# Onyxia Kürschnern



## Quener (16. Oktober 2007)

Hab mal ne Frage zum Kürschern von ONY.
Hab neulich ingame aufgeschnappt das es nicht mehr möglich sein soll ONY mit LvL 70 zu kürschner?
Ist da was dran oder is das mal wieder so ne frei erfundene Story?? 


			Dieser Inhalt steht nur eingeloggten Mitgliedern zur Verfügung.
        

 

Also is schon klar das ich nen Kürschenerskill von 315 brauche, aber wieso sollte das auf LvL 70 nicht mehr funktionieren?


----------



## Tirkari (22. Oktober 2007)

Wer immer das erzählt hat, das ist totaler Blödsinn.
Die Drachendame hat sich bei uns bis jetzt noch immer kürschnern lassen, obwohl der einzige nicht-70er, der normalerweise dabei ist, ein lvl60-Hexer ist, der nicht kürschnern kann.
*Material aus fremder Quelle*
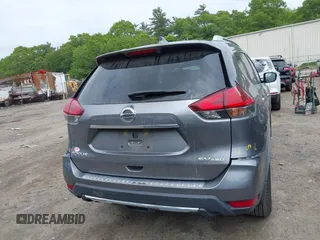 2017 Nissan Rogue S z VIN KNMAT2MVXHP609693, wystawiony jako IAAI lot #42342848 z przebiegiem 107 400 mil mil oraz . Historia ofert i sprzedaży dostępna na DreamBid. Obrazek 16.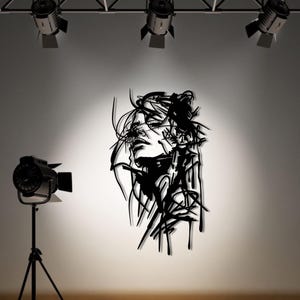 Arte mural de metal, decoración mural de metal, arte mural abstracto de rostro femenino en metal: decoración femenina moderna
Hat da vielleicht wer vergessen, alles zu looten und setzt deshalb jetzt solche Märchen in die Welt?  


			Dieser Inhalt steht nur eingeloggten Mitgliedern zur Verfügung.


----------



## Ombus (29. Oktober 2007)

Tirkari schrieb:


> Hat da vielleicht wer vergessen, alles zu looten und setzt deshalb jetzt solche Märchen in die Welt?
> 
> 
> Dieser Inhalt steht nur eingeloggten Mitgliedern zur Verfügung.



OMG..das erinnert mich an die MC Zeit wo dann jeder Affe rumgespammt hat "HUNDE LOOTEN" ^^
Aber bei Ony hatten wir das noch nie...vorallem jetzt mit 70(wobei ich sagen muss,bei 5leuten gibt die dame echt gut geld ;> )


----------